Dennoch wurde sie nicht nur willkommen geheißen.
»Man fragt sich, wie das Pferd sie tragen kann, Sir.«
»Sie ist in der Tat eine stämmige Person, aber durchaus gutaussehend.«
»Und sie wäre so freundlich, daß sie sogar den Sattel und das eigene Pferd tragen würde.«
»Das ist sehr ungezogen von Euch, Sir.«
»Nur dem Schimmel gegenüber.«
»Kennt Lawrence Firethorn sie schon lange?«
»Nur jedesmal eine Stunde.«
»Die beiden sind alte Bettgenossen, nicht wahr?«
»Das haben die geradezu erfunden.«
Barnaby Gill ritt jetzt neben dem Fuhrwerk, das von Christopher Millfield gefahren wurde. Die anderen Teilhaber und die Lehrlinge saßen neben dem Gepäck, während die Angestellten zu Fuß hinter dem Wagen trotteten. Der Tag war heiß, kein Lüftchen brachte ihnen Kühlung. Gill nutzte die Gelegenheit, seinen Weiberhaß loszuwerden.

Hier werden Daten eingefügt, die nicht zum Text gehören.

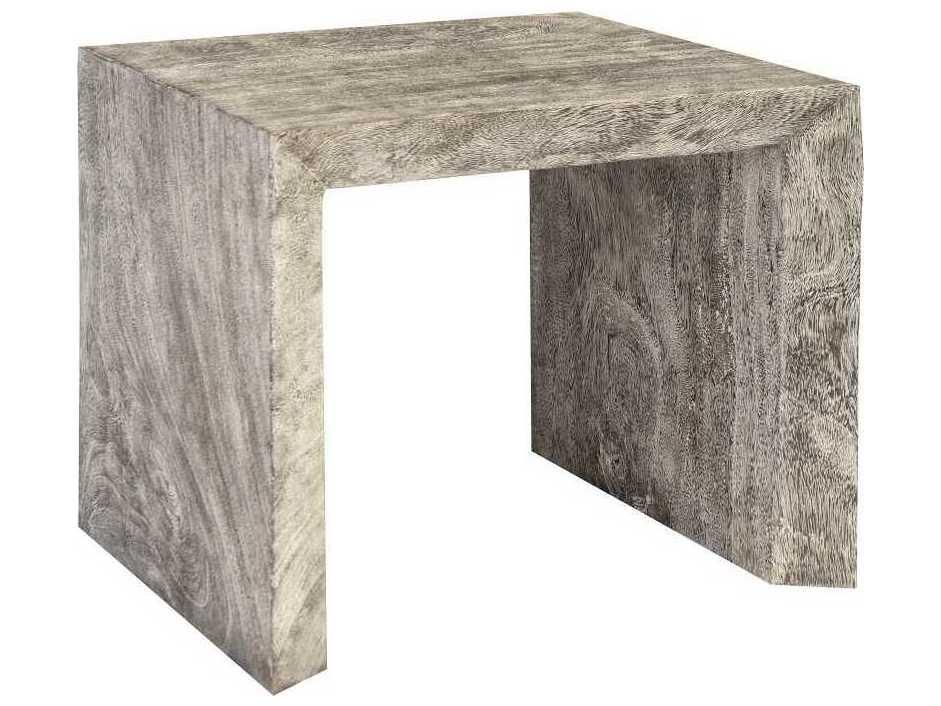 Waterfall Rectangular Wood Gray Stone End Table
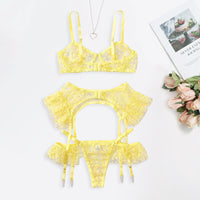 Yellow Underwire Bra Embroidery Thong Garter Belt Classic Bandage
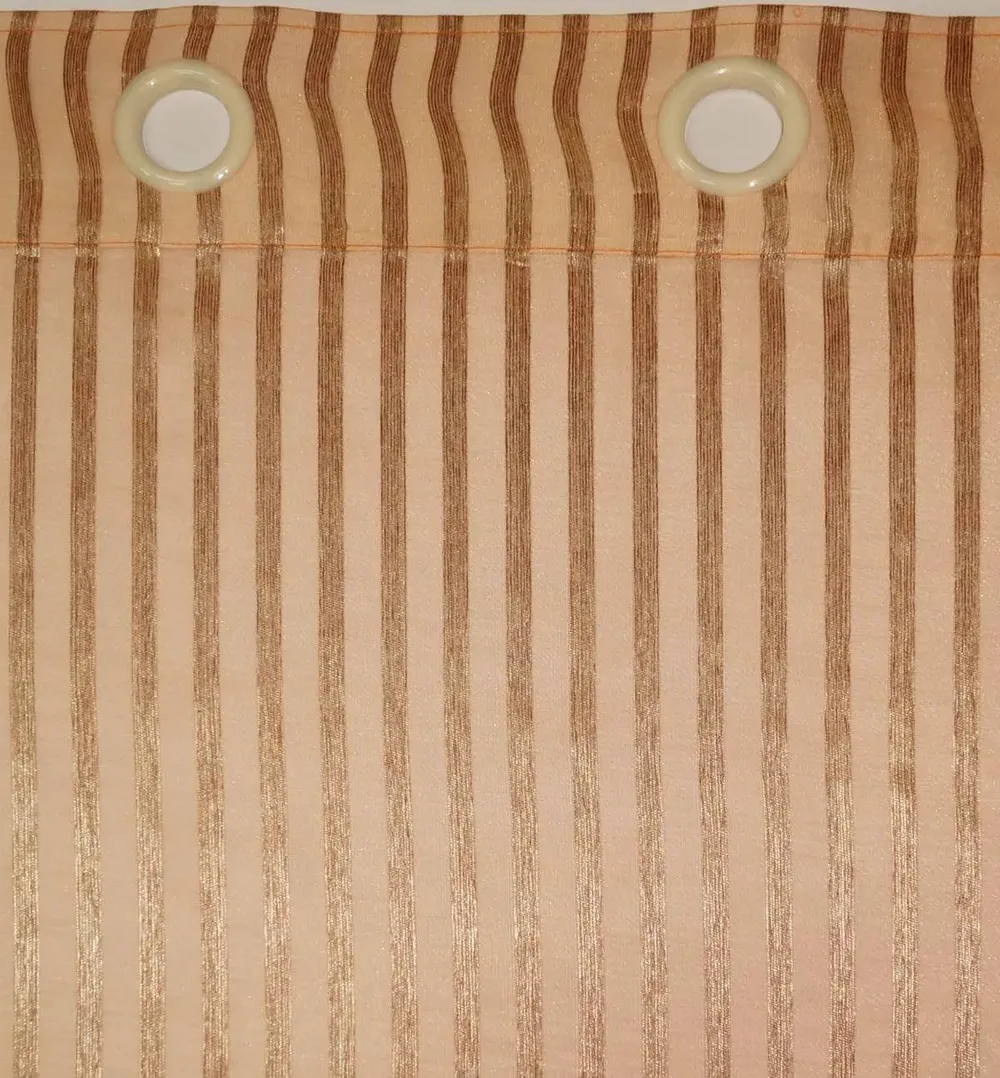 Lushomes Orange Sheer Curtain with Stripes for Windows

»Sie ist der wahre Inbegriff ihres Geschlechts, nicht wahr?«
»Mistress Becket?«
»Sie wird der Majestät an ihrer Seite ein kluger Erzbischof sein. Obwohl wir nach York reiten, nimmt sie ihn heute nacht auf eine Pilgerreise nach Canterbury mit und führt ihm all ihre heiligen Reliquien vor. Wenn Master Firethorn sich tief in ihre Taufquelle stürzt, wird er bis zum Hals in die Spülbrühe ihrer Leidenschaft eintauchen und muß dringend ein Stoßgebet zu einem heiligen Märtyrer loslassen, damit der ihn da wieder rausholt.«
»Ihr mögt die Dame nicht«, sagte Millfield trocken.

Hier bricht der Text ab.